The court may inquire into a new spouse's income for the purpose of seeing how it would impact the remarried party's tax filing status and tax bracket when calculating guideline child support - is the remarried party filing taxes married filing separately or married filing jointly with the new spouse; how many deductions are claimed; and if filing jointly, does the new spouse income push the party into a higher tax bracket? The guideline calculator applies these factors in its calculation, but does not add in the new spouse's income.

There are always exceptions to rules. In "extraordinary cases" the income of the subsequent spouse or non-marital partner could be considered where excluding that income would lead to an extreme and severe hardship the child(ren). Such "extraordinary cases" include when the remarried parent quits work, reduces income, or intentionally remains unemployed or underemployed, and relies on their new spouses income. This means that a party who remarries well (i.e. the new spouse is so rich that they do not have to work), cannot just quit their job and expect to receive guideline child support based on zero or reduced income. The court would either impute income to the remarried party, or consider the new spouse's income.

However, before including some or all of the cohabitee or new spouse income, the court would also have to consider whether including that income would lead to extreme and severe hardship to any child supported by the remarried party, or by either party's subsequent spouse or non-marital partner. This means that the new spouse or cohabite income may not be considered if they have a child or children from a prior relationship, or with the new spouse.

The court makes its decisions on these issues a case-by-case basis.

Impact on Spousal Support when the Paying Party Cohabits or Remarries

The family code prohibits the income of a supporting spouse's subsequent spouse or non-marital partner to be considered when determining or modifying spousal support.

Impact on Spousal Support when the Receiving Party Cohabits

The first place to look is the parties Marital Settlement Agreement to see if there is a provision automatically terminating or reducing spousal support if the receiving party is cohabiting.

Sometimes parties enter into a Marital Settlement agreement that provides for non-modifiable support. In such cases, unless support is specifically terminated or reduced upon cohabitation, then the non-modifiable support provision precludes modification if supported spouse cohabits.

If there is no cohabitation provision regarding spousal support, then the Receiving Party's cohabitation is a change in circumstances triggering the Family Code presumption of decreased need for spousal support. Because this is merely a presumption, the cohabiting spouse can present evidence to prove to the court that he or she has a continued need for support despite the cohabitation. If the cohabitating spouse does not meet this burden, then the court may modify or terminate spousal support.
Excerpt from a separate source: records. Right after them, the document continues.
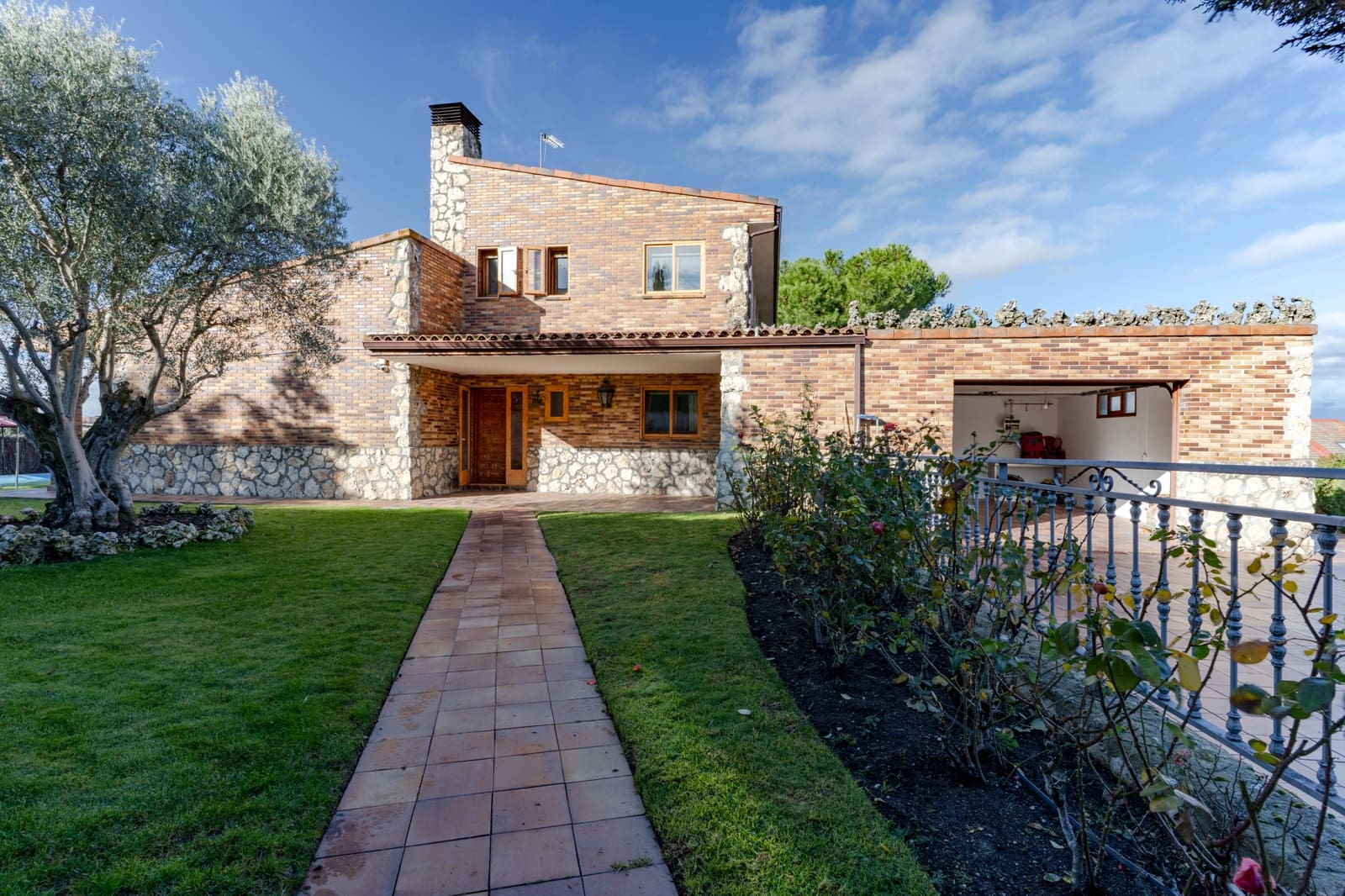 Finca/Country House for sale in Madrid city with pool - € 3,150,000 (Ref: 9858373)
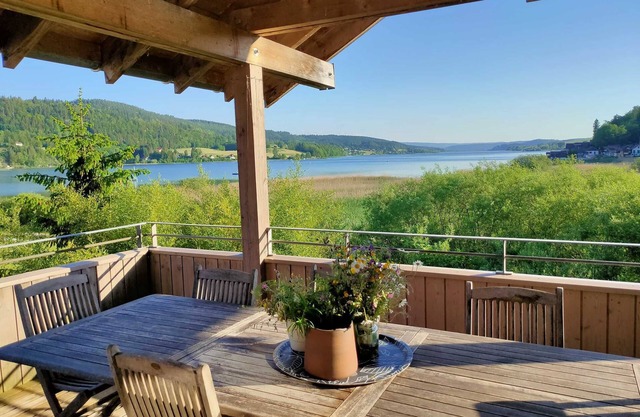 Chalet avec terrasse au bord du lac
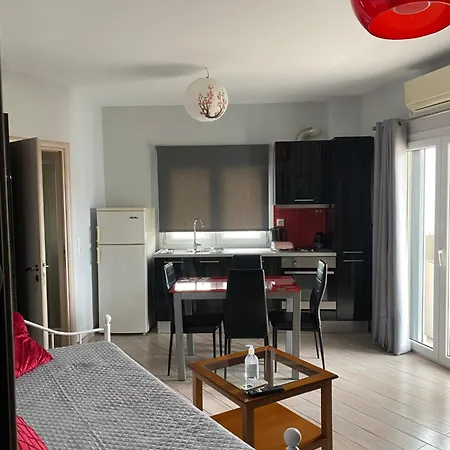 Arethousa View Getaway - Chalkida's Cozy Gem Apartment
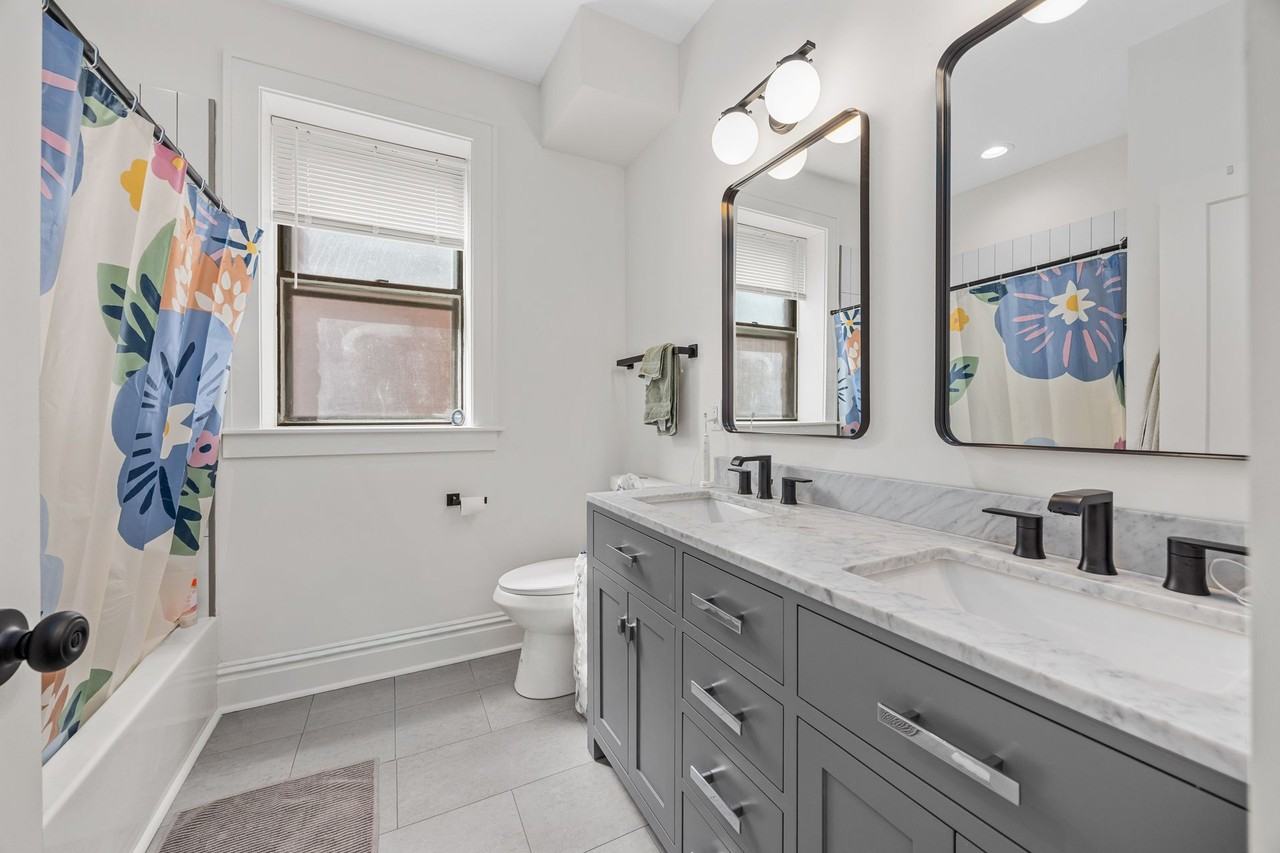 MOSAIC- 718 Limit - Now Leasing 27/28 - Photo 7 of 13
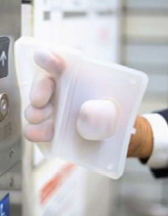 感染症対策用携帯手袋『触れんズ』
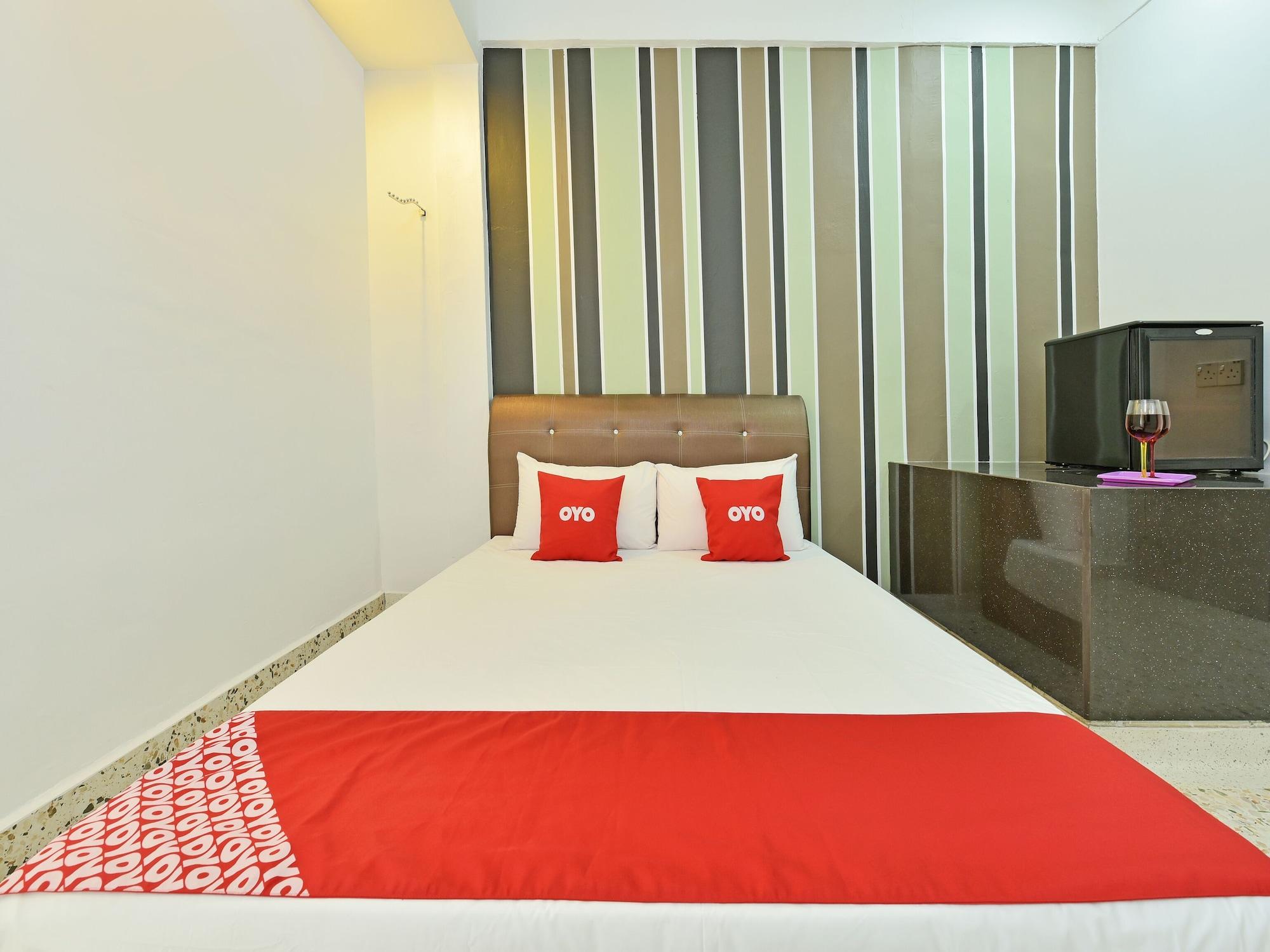 Varios OYO Home 90427 Mm Homestay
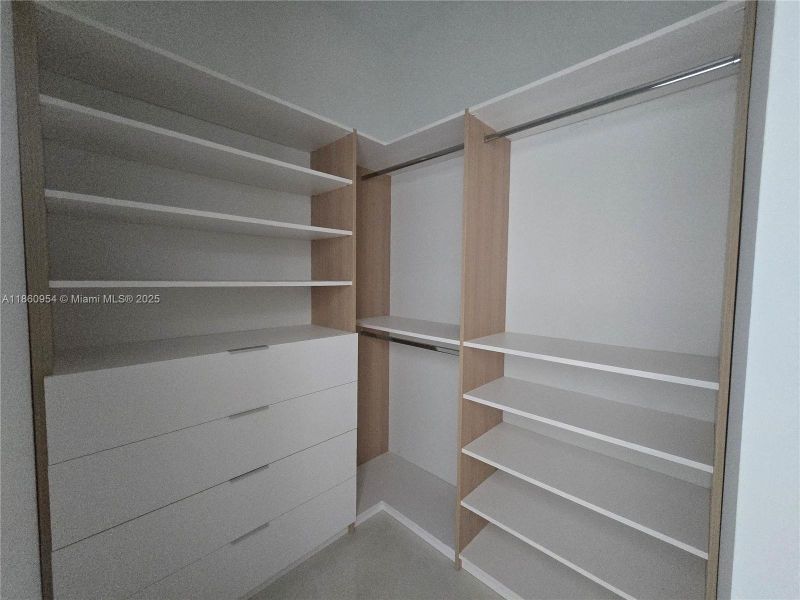 Image 40 of a home in .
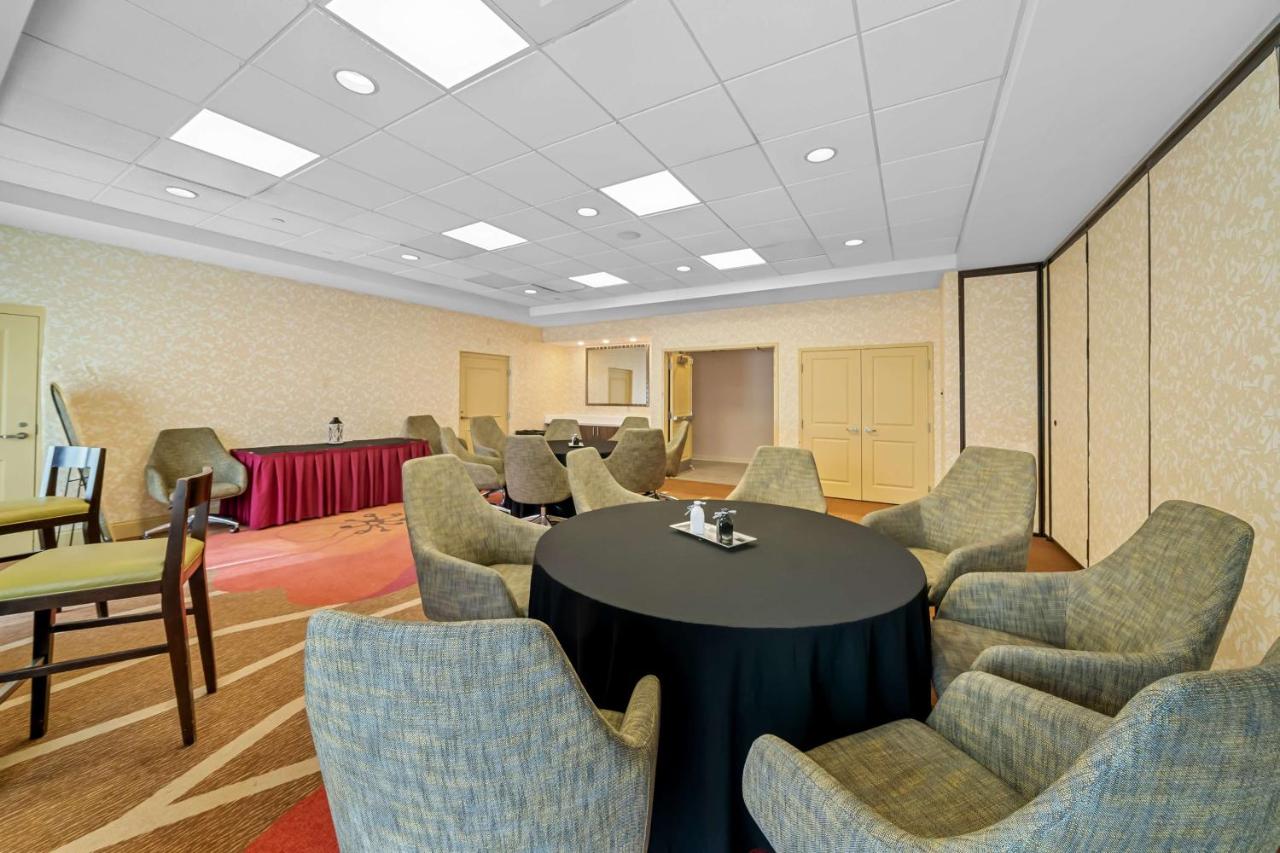 | Hilton Garden Inn Plymouth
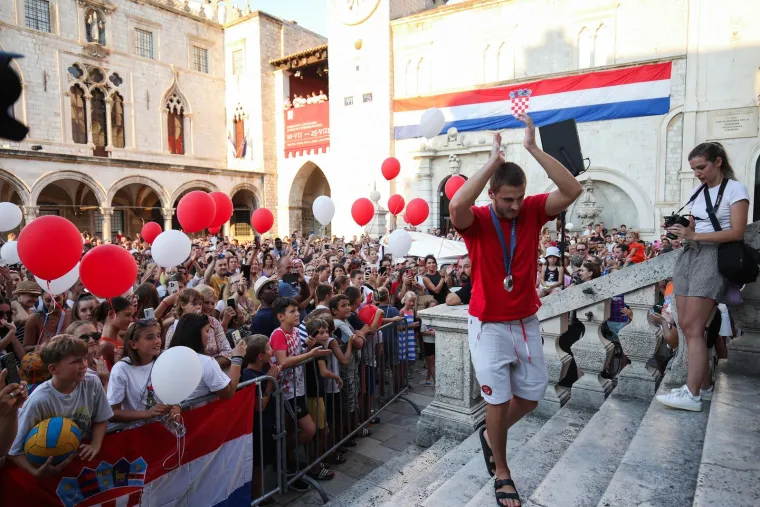 Trenuci za vječnost. Pogledajte kako su Split i Dubrovnik dočekali hrvatske sportske junake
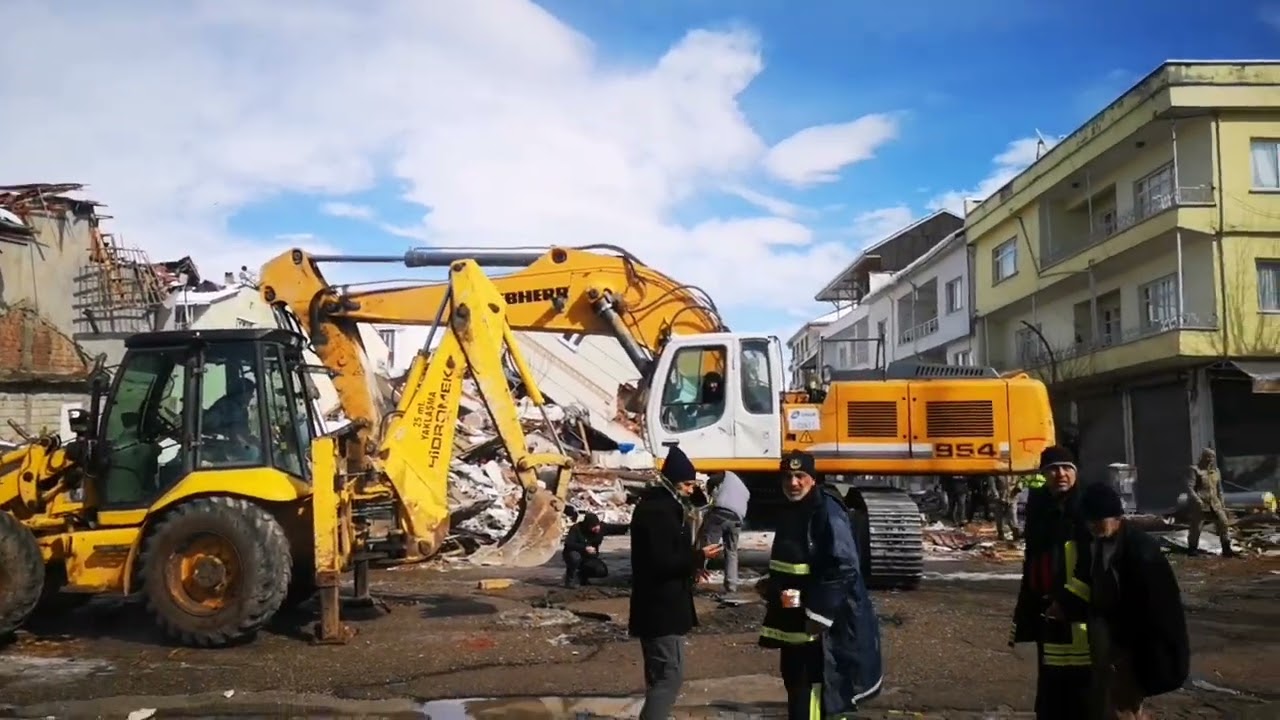 DEPREMİN İKİNCİ GÜNÜNDE ADIYAMAN'IN GÖLBAŞI İLÇESİNE YENİDEN GİTTİK... #Erdhej #Deprem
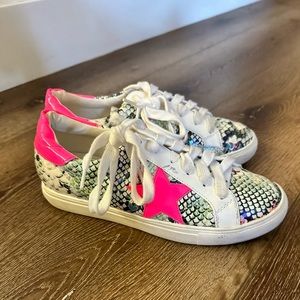 Boutique sneakers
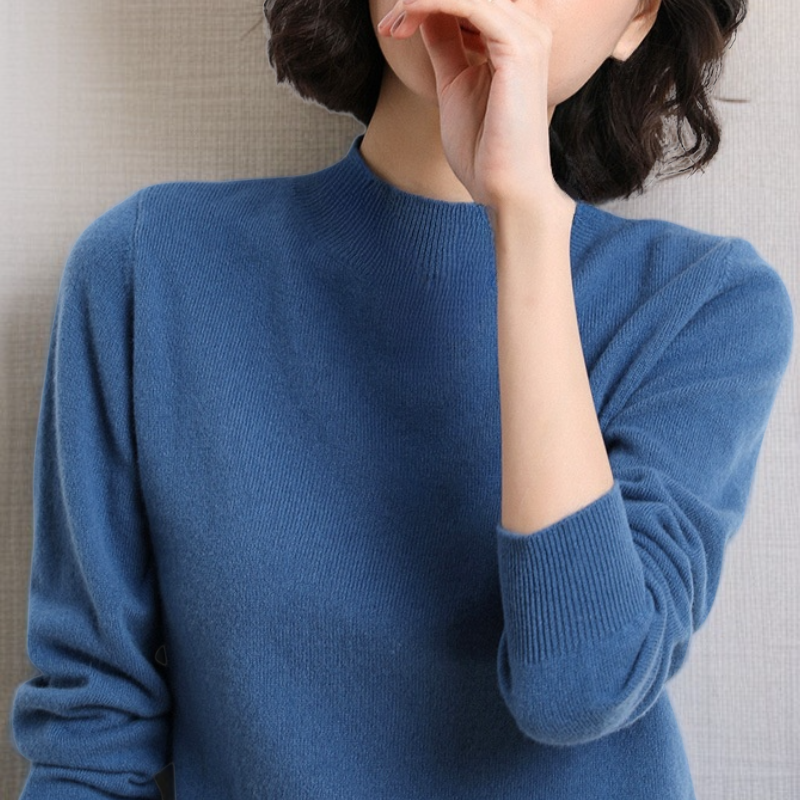 無地ベースのニットウェア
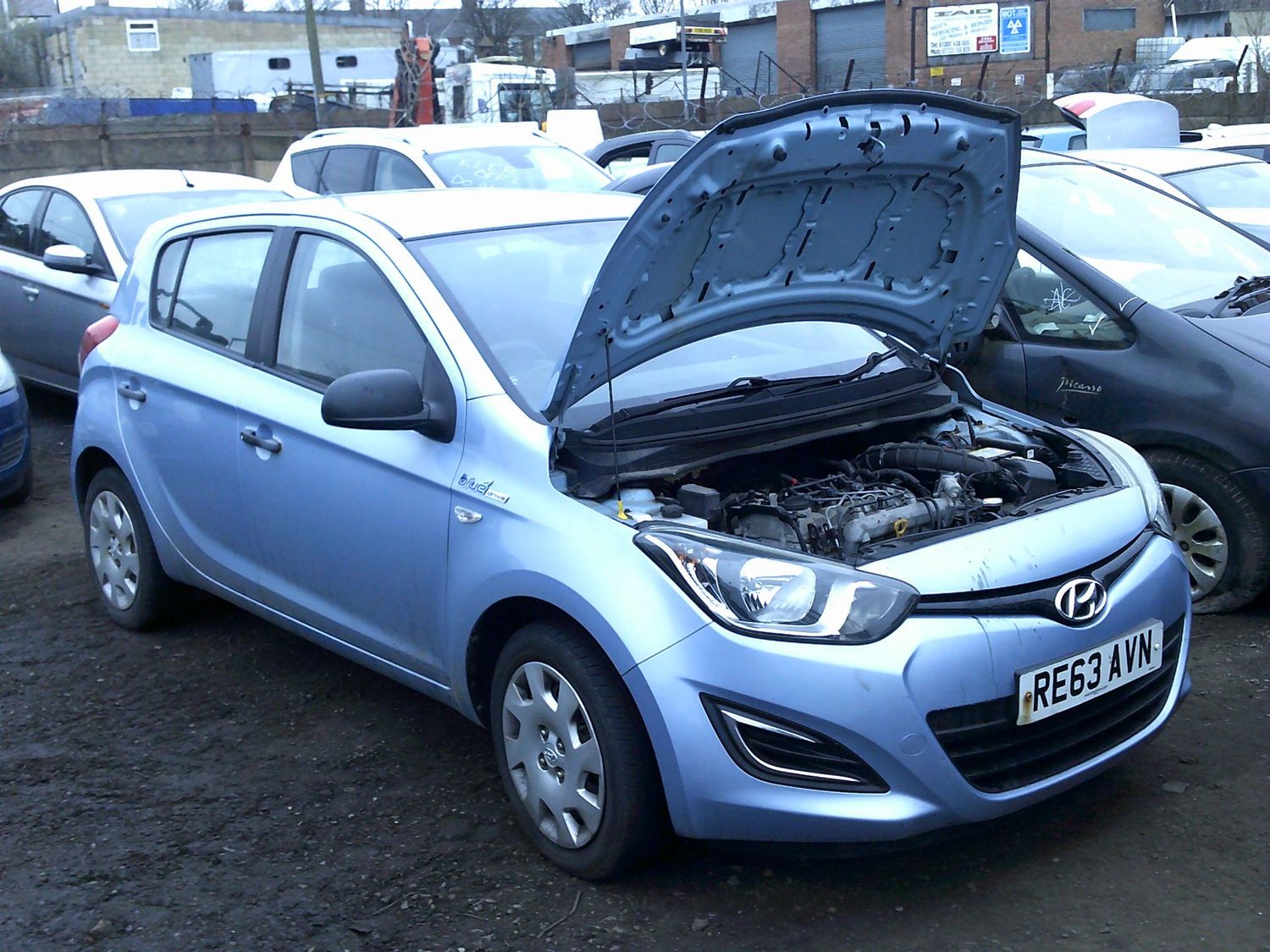 hyundai i20 2014 1.1 crdi breaking for spares..click for info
Impact on Spousal Support when the Receiving Party Remarries

The parties Marital Settlement Agreement controls. If there is a provision automatically terminating spousal support if the receiving party remarries, then the remarriage automatically terminates spousal support.

If there is a provision providing for non-modifiable spousal support despite remarriage, then spousal support continues as set forth in the Marital Settlement Agreement.